Um das Vertrauensverhältnis zusätzlich zu stärken, hat sich die 34-Jährige noch einen weiteren Aspekt auf die Fahne geschrieben: Da bei einer kieferorthopädischen Behandlung oft interdisziplinär gearbeitet werden muss, nimmt sie selbst Kontakt zu Logopäden, Physiotherapeuten und gegebenenfalls auch Kieferchirurgen auf. Diese Aufgabe den Eltern ihrer Patienten aufzuhalsen, kommt für Witthohn nicht infrage: "Ich bin ja selbst auch genervt, wenn ich als Patientin von einem Arzt zum nächsten geschickt und dann immer gefragt werde, welche Diagnose denn der Kollege gestellt hat."
Zwar investiere sie in die persönlichen Fachgespräche mit den verschiedenen Kollegen viel Zeit, räumt die Kieferorthopädin ein, doch will sie keinem ihrer Patienten das Gefühl vermitteln, nach dem Verlassen ihrer Praxis auf sich allein gestellt zu sein. "Ich behandele meine Patienten ganz einfach so, wie ich auch selbst behandelt werden möchte", bringt Witthohn ihr berufliches Credo auf den Punkt. Dass dieses Konzept aufzugehen scheint, belegen nicht zuletzt die vielen Kinder, die vor allem über Mundpropaganda zum ersten Mal in ihrer Praxis aufkreuzen.
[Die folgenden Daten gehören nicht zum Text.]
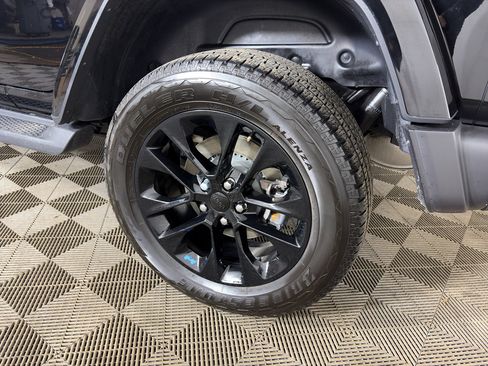 Used 2023 Jeep Wrangler Unlimited Sahara w/ Cold Weather Group image 7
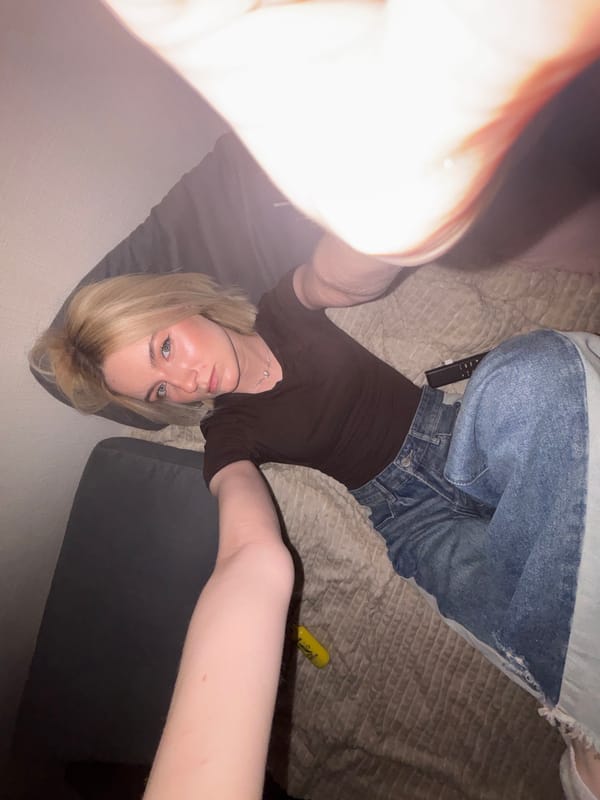 Person documents evening selfies and gaming in Vsevolozhsk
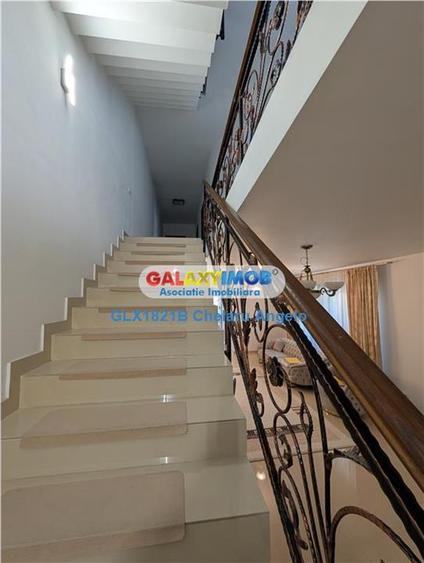 Casă cu 6 camere cu Teren 256 Mp în Sălaj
Stress vor Bezug der Praxis
Angesichts dieses Erfolgs rücken all jene Strapazen in den Hintergrund, die die Inhaberin im Vorfeld der Eröffnung vor rund 15 Monaten zu bewältigen hatte. So musste fast das gesamte Haus kernsaniert werden: Es galt, alte Wände einzureißen und neue hochzuziehen, Tapeten zu entfernen, acht Zentimeter neuen Putz aufzubringen sowie völlig neue Elektro- und Abwasserleitungen zu verlegen – vom Wiederherrichten des zuvor völlig verwilderten Gartens ganz zu schweigen. "Ohne die Fachkenntnisse meines Vaters und die tolle Unterstützung meiner Familie, Freunde und meines Praxisteams hätte ich das alles nie hinbekommen", freut sich Julia Witthohn noch heute.
Immerhin: Für die Aufteilung der Praxisräume auf zwei Etagen der Villa – im Erdgeschoss befindet sich die eigentliche Praxis, im ersten Stock sind Labor, Umkleideräume, Personaltoilette, Küche und Sozialraum untergebracht – musste sie keinen Innenarchitekten zu Rate ziehen: "Das habe ich alles selbst entworfen mithilfe meiner Mutter", erzählt sie stolz. Zugute gekommen sei ihr dabei, dass sie die verschiedenen Funktionswege innerhalb einer Praxis bereits bei ihren vorherigen beruflichen Stationen kennengelernt hat.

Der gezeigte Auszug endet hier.